Despite being the new kid, Cooney was sent over on two-week missions at a time as a commercial manager. “It involved everything from responding to client change requests to handling disputes and contract conflicts,” says Cooney. The job also encompassed supplying services to the embassy in Kabul and to Kandahar airport: “We were responsible for managing the airport from a hard facilities management perspective. Making sure the runway was in a good condition and providing cargo movements.”
Another aspect of his role was to provide infrastructure support to NATO – one job was leading a 10-person multi-skilled team to conduct a due diligence inspection of over 150 buildings in Kandahar. Later, the role incorporated the provision of soft services to the British Embassy in Baghdad.
Meeting a challenge head on
Talking to Cooney it’s not hard to see why he made such a success of the posting. He instinctively frames difficulties as opportunities. For example, negotiating with the Army is often regarded as a tough gig. Cooney admits it pushed him, but saw it as a way to hone his talents of persuasion. “I learned a lot working with the military,” he says. “It’s really important to convey the advantages of the proposals and to develop a solution which meets the client’s objectives while ensuring it is still commercially viable for our business.”

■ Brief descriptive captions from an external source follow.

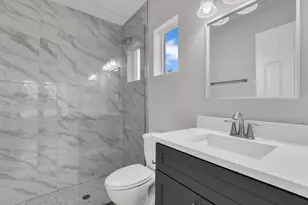 503 NE 31st St, Cape Coral, FL 33909 - Photo 25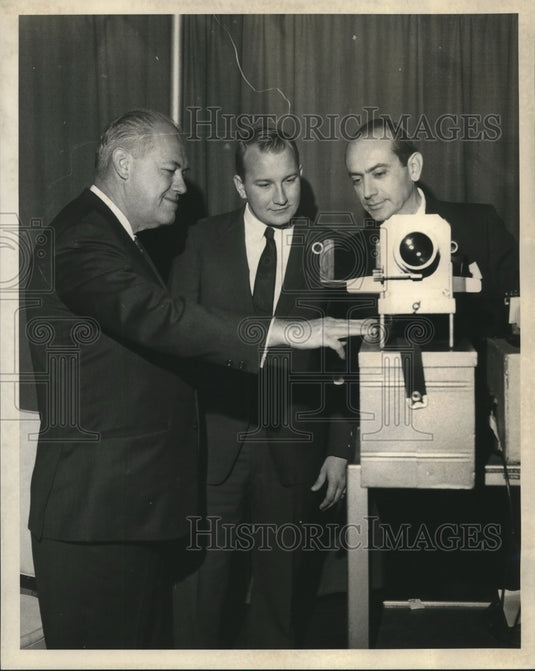 1968 Press Photo Digitronics Users Association Meeting at the Bourbon Orleans.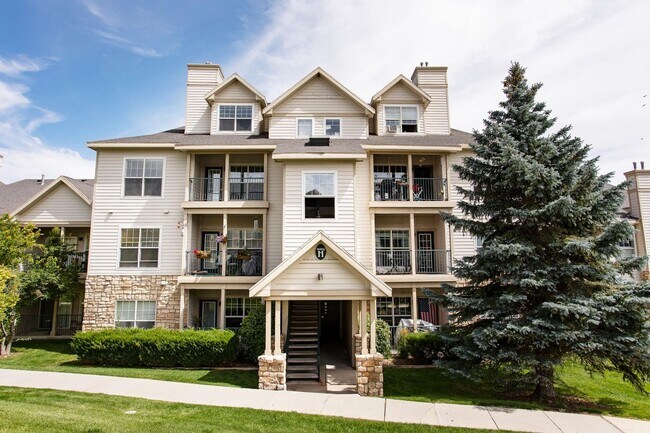 Building Photo - 900 Bitner Rd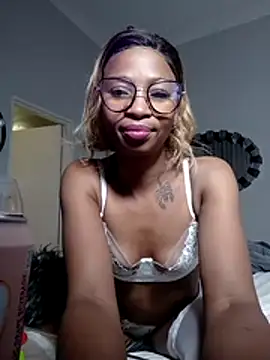 Snapshot of SassyyLadyKay chatting on April 4, 2026, 1:01 am SassyyLadyKay online show from April 4, 2026, 1:01 am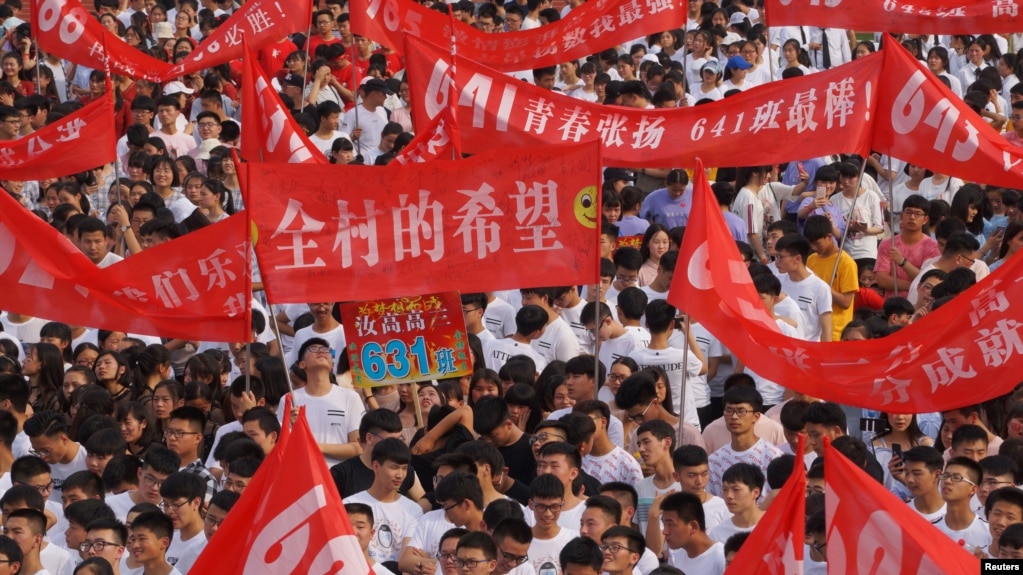 2018年6月3日，高考之前，中国河南省驻马店一所高中的毕业典礼上，学生打出的标语有“全村的希望”“青春张扬”“数我最强”。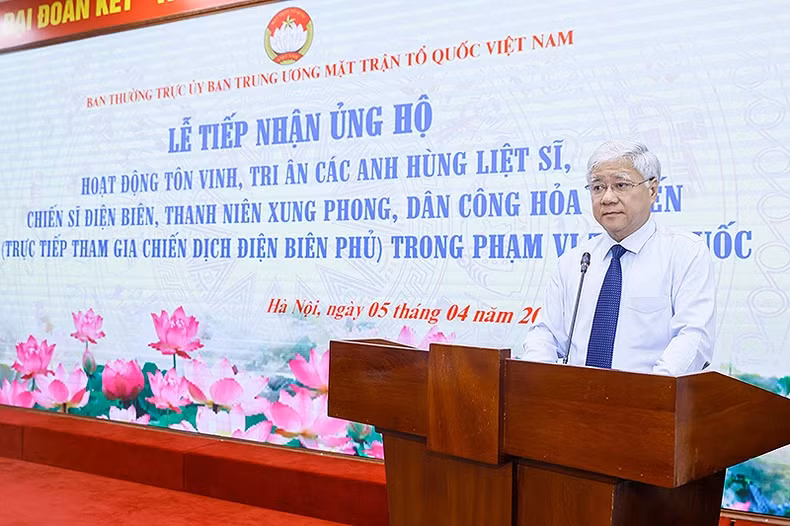 The VFFCC’s President Do Van Chien speaks at the ceremony.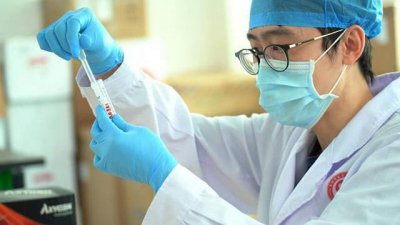 ​龙岗妇幼保健院中心实验室：精准产前诊断，为更多准妈妈优生优育保驾护航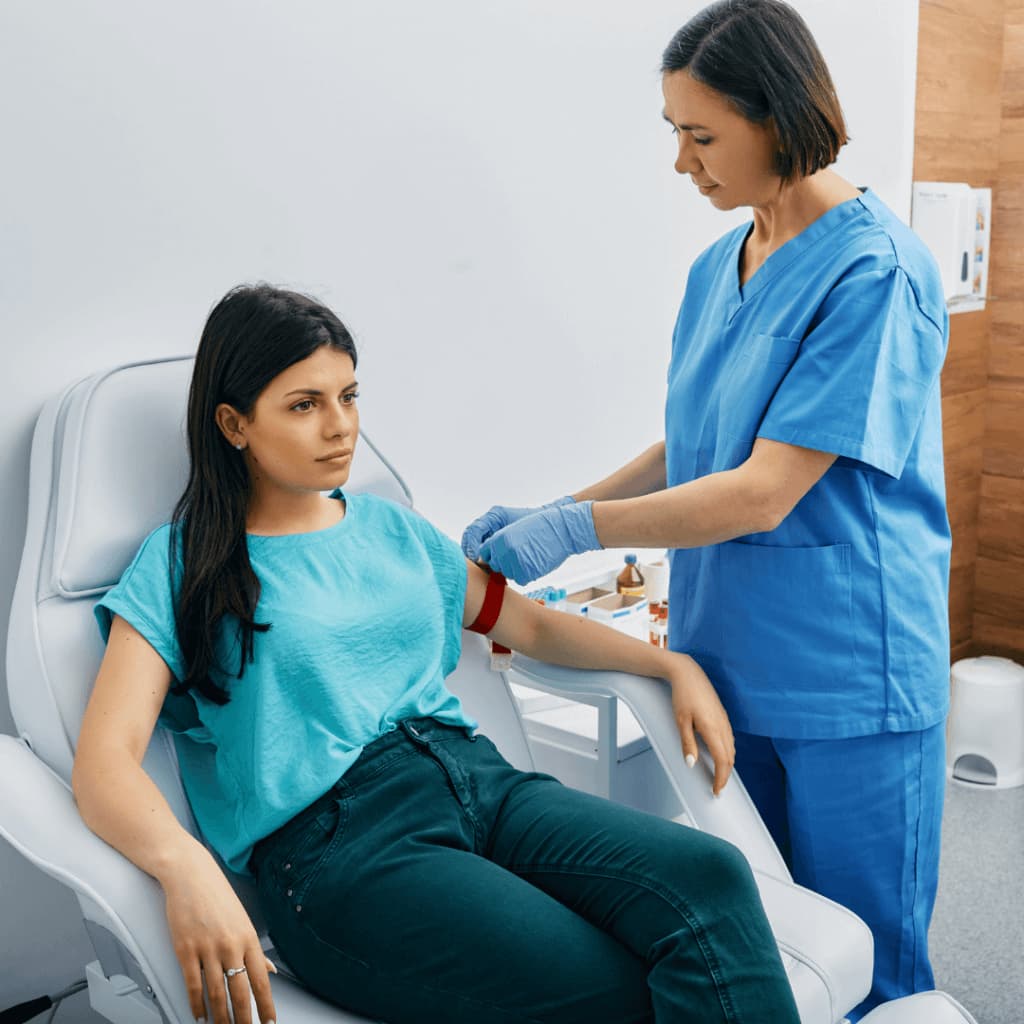 Toma de muestra sanguínea profesional en Laboratorio Avanzado Bioquímico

His attitude must have helped. The Royal Marines talk about “The Commando Spirit” comprised of four elements: courage, determination, unselfishness, and cheerfulness in the face of adversity. Cooney’s obviously got the last of these in spades. He’s a high energy, high enthusiasm character who laughs a lot when he speaks. In a warzone these qualities are more than a plus – they are compulsory.
His upbringing must have helped. Throughout his formative years Cooney was on construction sites, seeing great projects take shape. “My father is a builder,” he says. “So from a really young age, I was on construction sites soaking up the atmosphere, approaches and behaviours, and I was also fortunate to do work experience one summer with Ferrovial Agroman.” Indeed when you have to get the confidence of army majors about issues like runways, it certainly helps to feel at home on a construction site.
Fast risers often ensure their career encompasses many different facets of project management, and Cooney is a prime example. After Afghanistan he worked with the Metropolitan Police on procurement support, developing tender documentation and evaluation to award of a procurement. His comrades this time were lawyers and commercial accountants. “I learned that surrounding yourself with specialists is vital when procuring at the scale,” he remarks.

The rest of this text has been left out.